La loi veut mettre fin à ces situations de travail où le travailleur n’a d’indépendant que le nom. Sont expressément exclus de la loi les médecins, avocats, esthéticiennes, comptables, ou encore détectives privés (c’est la Californie !), dont on suppose que l’activité est réellement indépendante.
Comme les nombreuses batailles juridiques qui l’ont précédée, la loi AB5 interroge la notion d’indépendance au travail. Qu’est-ce qu’un travailleur indépendant ? Est-on indépendant quand on ne choisit pas ses horaires, qu’on n’est pas autonome dans son travail, ou qu’il existe une dépendance forte vis-à-vis du donneur d’ordre ? La réponse reste floue. Où commence et finit l’indépendance ? La loi apporte une définition certes détaillée mais non moins vague de ce qu’est un independent contractor : il faut que son activité soit indépendante (c’est complexe à déterminer), qu’il soit sollicité par une entreprise pour une mission qui se situe en dehors du cœur de métier (là aussi, ça sera sujet à débat) et que le travail soit réalisé de manière autonome (le travailleur doit garder une maîtrise relative de où, quand et comment effectuer son travail).
On comprend que la loi ne permet pas de lever le flou sur toutes les situations de travail, même si elle suppose qu’il existe de nombreux cas de salariat déguisé. La plus grande difficulté sera la mise en œuvre et les tribunaux seront probablement amenés à trancher de nombreux cas litigieux.
Quelle est la conséquence directe pour les travailleurs sur les plateformes aux Etats-Unis ?
La conséquence directe est d’abord sur les travailleurs de l’Etat de Californie. On peut imaginer que d’autres Etats voudront rapidement imiter la Californie. Mais il est probable qu’il se passera beaucoup de temps avant que les situations juridiques soient harmonisées à l’échelle fédérale. Le paysage politique est assez instable : 2020 est une année électorale où les cartes seront rebattues à tous les échelons politiques (y compris le législatif de nombreux Etats fédérés).
En Californie, AB5 doit s’appliquer à partir de janvier 2020. En théorie, à partir de la nouvelle année, les travailleurs utilisant les plateformes de travail à la demande comme Uber, Lyft ou DoorDash pourraient donc être requalifiés en salariés. Il en ira de même des contractors dans le transport routier (environ 70 000 personnes en Californie), dans les entreprises de nettoyage, ou encore des pigistes travaillant pour les grandes entreprises de presse (ce qui donnera lieu à de nombreux procès concernant la propriété intellectuelle).

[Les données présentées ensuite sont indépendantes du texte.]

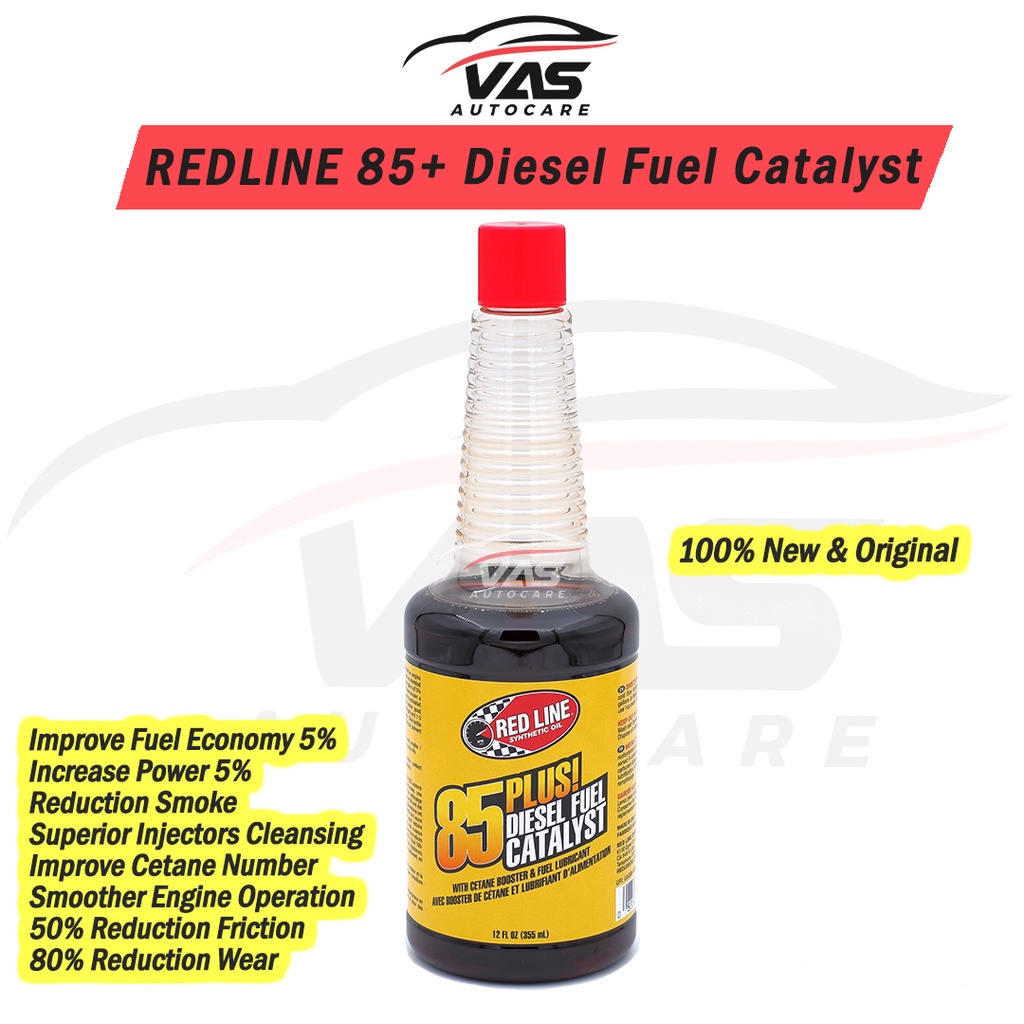 Jual REDLINE 85 PLUS DIESEL FUEL CATALYST ADDITIVE ENHANCER BOOSTER SOLAR Indonesia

Concrètement, cela voudra dire que le salaire minimum devra être appliqué dans tous ces secteurs, que ces travailleurs vont accumuler des droits à la retraite et aux congés payés comme les autres salariés et qu’ils seront protégés en cas d’invalidité.

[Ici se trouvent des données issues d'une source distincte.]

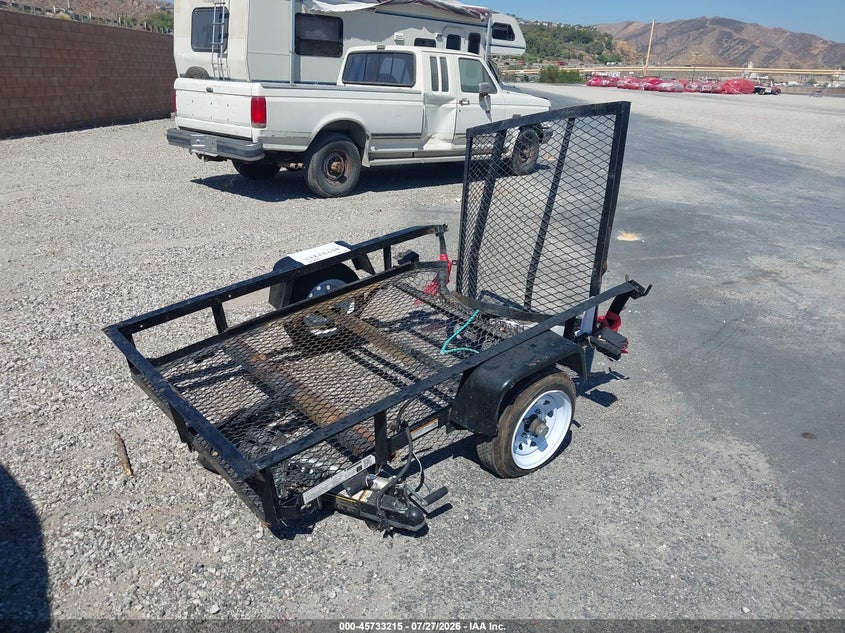 2021 CARRY ON PTI TRAILER auction photo 2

En réalité, toutefois, il est probable que la situation ne change pas du tout au tout. De nouvelles batailles juridiques vont être livrées dans les mois qui viennent. Les efforts de lobbying des plateformes vont s’intensifier. Il n’est pas impossible qu’elles obtiennent de nombreuses concessions et exceptions. Il est donc difficile d’avoir aujourd’hui une estimation précise du nombre de travailleurs qui seront concernés et des effets d’AB5 sur le marché du travail.